At the same time, an informal IIASA Working Group was initiated to deal with problems of the statistical analysis of economic data in the context of structural change: What tools do we have to identify nonconstancy of model parameters? What type of models are particularly applicable to nonconstant structure? How is forecasting affected by the presence of nonconstant structure? What problems should be anticipated in applying these tools and models? Some 50 experts, mainly statisticians or econometricians from about 15 countries, came together in Lodz, Poland (May 1985); Berlin, GDR (June 1986); and Sulejov, Poland (September 1986) to present and discuss their findings. This volume contains a selected set of those conference contributions as well as several specially invited chapters.

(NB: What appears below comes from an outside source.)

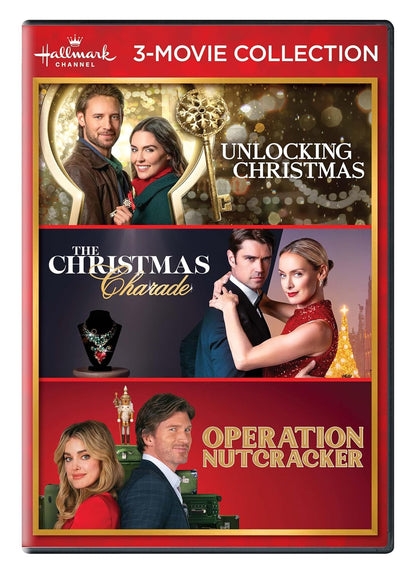 Hallmark 3-Movie Collection: Unlocking Christmas, The Christmas Charade, Operation Nutcracker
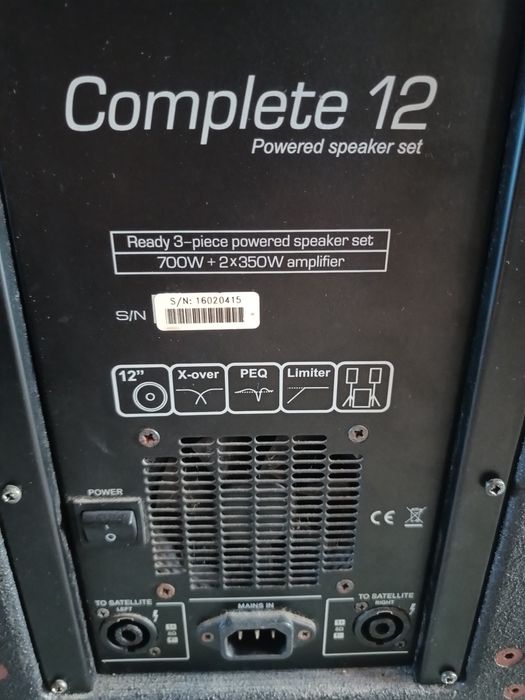 Активні саби mag complete 12,allen heath wizard,dbx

After a euphoric period in the 1960s, model builders in economics became aware of a need of model diagnostics and, in particular, for methods to detect - and cope with - structural changes. Statisticians' interest grew slowly after a few early contributions, especially R.E. Quandt's (1958) paper on switching regression. Related problems were discussed and adaptable methods were developed in areas such as probability theory (the change point problem), continuous sampling inspection (the CUSUM technique), or engineering (recursive estimation, filtering). Hackl and Westlund's (1985) bibliography, Statistical Analysis of Structural Change, contains some 300 titles; in a revised version to be published in 1989, the number of entries has increased by about 100 papers.
Nevertheless, in practical model building exercises, the methods recommended by statisticians seem not to be extensively used. Reasons for this might be the scarcity of corresponding computer programs and also the lack of a systematic survey. Broemeling and Tsurumi's (1986) book is the most comprehensive volume on the subject, in spite of the fact that it is based on a Bayesian paradigm. The same basis underlies a 1982 supplement of the Journal of Econometrics, edited by Broemeling, which also covers a broad area of the subject. Specialized books have been published on multiphase regression
vi Statistical Analysis and Forecasting of Economic Structural Change
(Schulze, 1986), spline function-based models (Poirier, 1976), and the analysis of residuals (Hackl, 1980). Several volumes contain special sections on model building, such as those by Broemeling (1985) and by Kramer and Sonnberger (1986). Accessible bibliographies have been compiled by Shaban (1980) and by Johnson (1977, 1980).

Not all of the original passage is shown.